# Topological Hochschild homology using equivariant orthogonal spectra

In the Hesselholt-Madsen paper "On the K-theory of finite algebras over Witt vectors of perfect fields", the authors develop some results concerning the Topological Hochschild homology (THH) of functors with smash products.

They use the language of equivariant spectra in the sense of Lewis-May-Steinberger.

My question is if there is a more modern reformulation of this work using equivariant orthogonal spectra (or other (one-categorical) variants).

I am quite certain that using the results from Mandell, May, Schwede and Shipley, one can translate the results from Hesselholt-Madsen to orthogonal spectra. My Question then is if this has already been done. At this moment, I am not looking for an infinity categorical treatment.

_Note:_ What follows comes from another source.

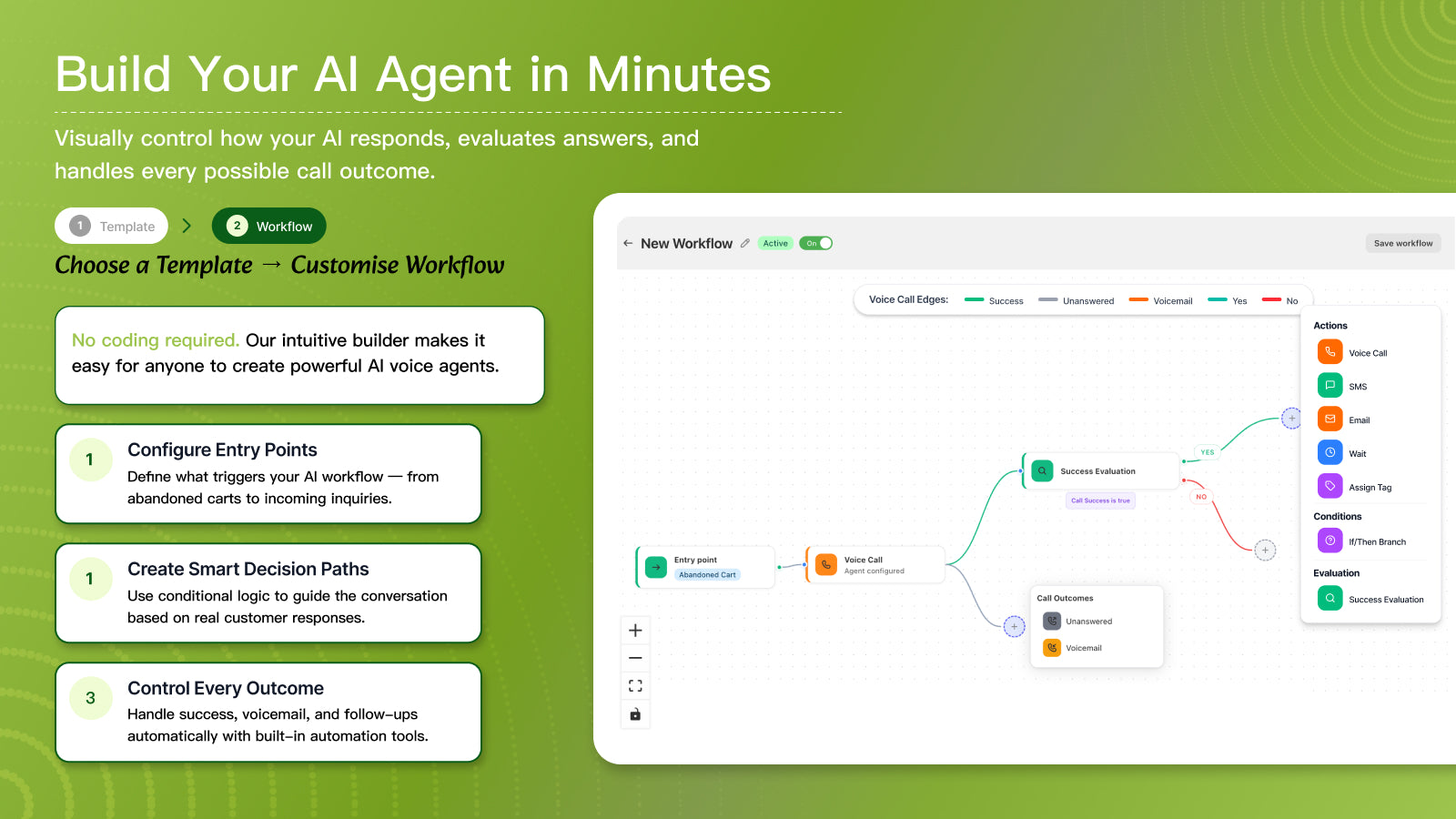 Build Your AI Agent in Minutes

To be more precise, I would like to see the construction of THH and topological cyclic homology using orthogonal spectra. Preferably I would like to see the construction of the Tate spectral sequence as well, where for a finite cyclic group $$C$$ and $$T$$ an equivariant $$C$$ spectrum, the Tate spectral sequence is $$E^2_{r,s}=\hat{H}^{-r}(C,\pi_sT)\Rightarrow \pi_{r+s}\hat{\mathbb{H}}(C,T),$$

where the $$E^2$$ page is the ordinary Tate cohomology of $$C$$ and $$E^{\infty}$$-page is the homotopy groups of the Tate spectrum.